Re: Is U+0140 (l with middle dot) ever used?

From: Kenneth Whistler (kenw@sybase.com)
Date: Mon Aug 12 2002 - 15:06:16 EDT


Keld responded:

> On Fri, Aug 09, 2002 at 11:44:40PM +0100, Anto'nio Martins-Tuva'lkin wrote:
> >
> > Hm. But middle dot is not also a letter symbol. It's also used as a
> > bullet, a tab filling, even a box-drawing char. Shouldn't Unicode
> > provide a way to separate this duality?
>
> · has traditionally been used eg in word processors to visually display
> a blank character. But it was originally intended in ISO 8859-1 and
> other places for the Catalan language, which uses it in words such
> ac paral·lel.

However, one cannot ignore the rest of the manifest history of
this character. It also has long occurred in Code Page 437 and myriad
other IBM and Microsoft Code Pages (IBM GCGID SD630000) with a long
history of ambiguous usage as punctuation and many other things.

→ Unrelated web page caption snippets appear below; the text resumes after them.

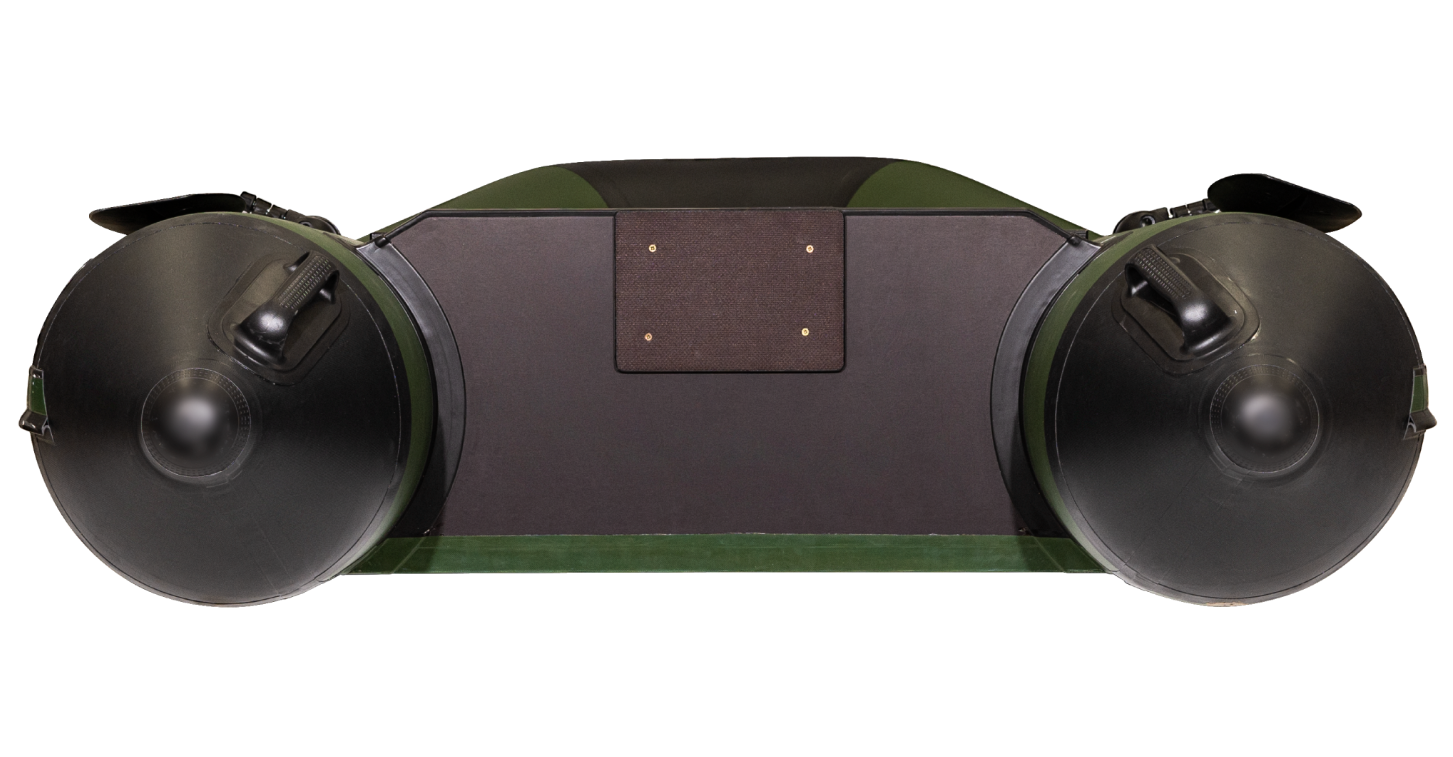 Лодка АКВА 2900 в Щёлкове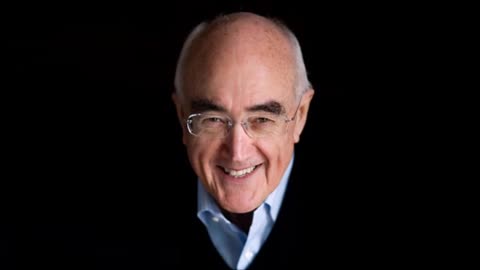 James Burke on Private Passions with Michael Berkeley 14th July 2019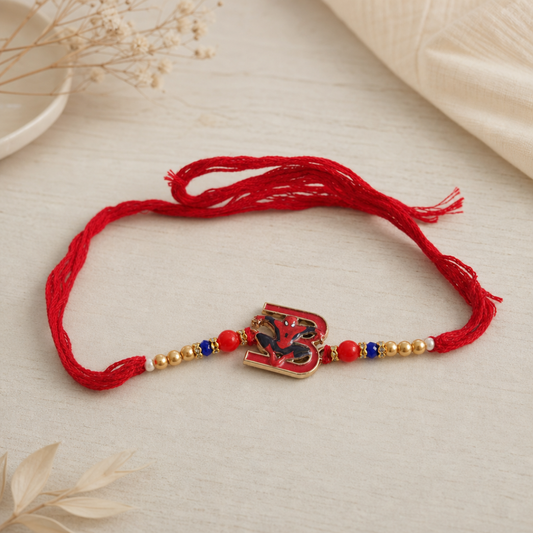 Rakhi Style Bracelet 15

> I think · is now listed in Unicode as a separator, and not
> as alphabetical.

It is actually listed with General Category Po (Punctuation, Other),
and not as one of the separator classes.

But it also has the diacritic property and the extender property,
which most punctuation characters do not.

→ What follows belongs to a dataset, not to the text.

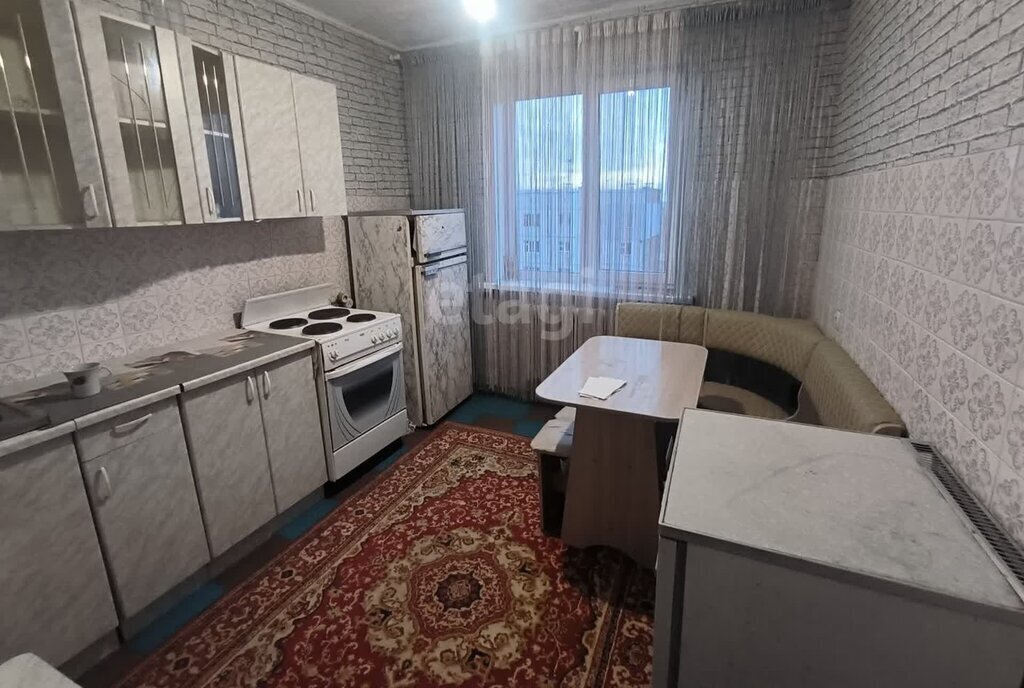 квартира г Красноярск р-н Ленинский ул Шевченко 86 фото 7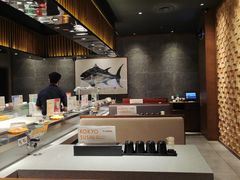 -小乔回转寿司(铁东万象汇店)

Property-based implementations can take advantage of other properties
of U+00B7 to distinguish it from most punctuation.

> I think that is an error. How can we correct it?

Changing it out of the General Category Po would disturb what by
now is already a long legacy practice for many implementations. It
would cause way more problems than the putative problem it is
supposed to fix for Catalan. (This despite the fact that unlike the
Catalan usage, which actually is more reminiscent of the delimiter
usage of a middle dot, as in dictionary syl·la·bi·fi·ca·tion, there
are actually quite a number of technically-based orthographies,
in the Americas, at least, which use a middle dot simply as a long
vowel diacritic.)

Word delimitation depends on more than merely the General Category
value, anyway, so appropriate word boundary determination can be
developed for Catalan and other languages regardless of the
General Category Po value for U+00B7. (See DUTR #29 on this.)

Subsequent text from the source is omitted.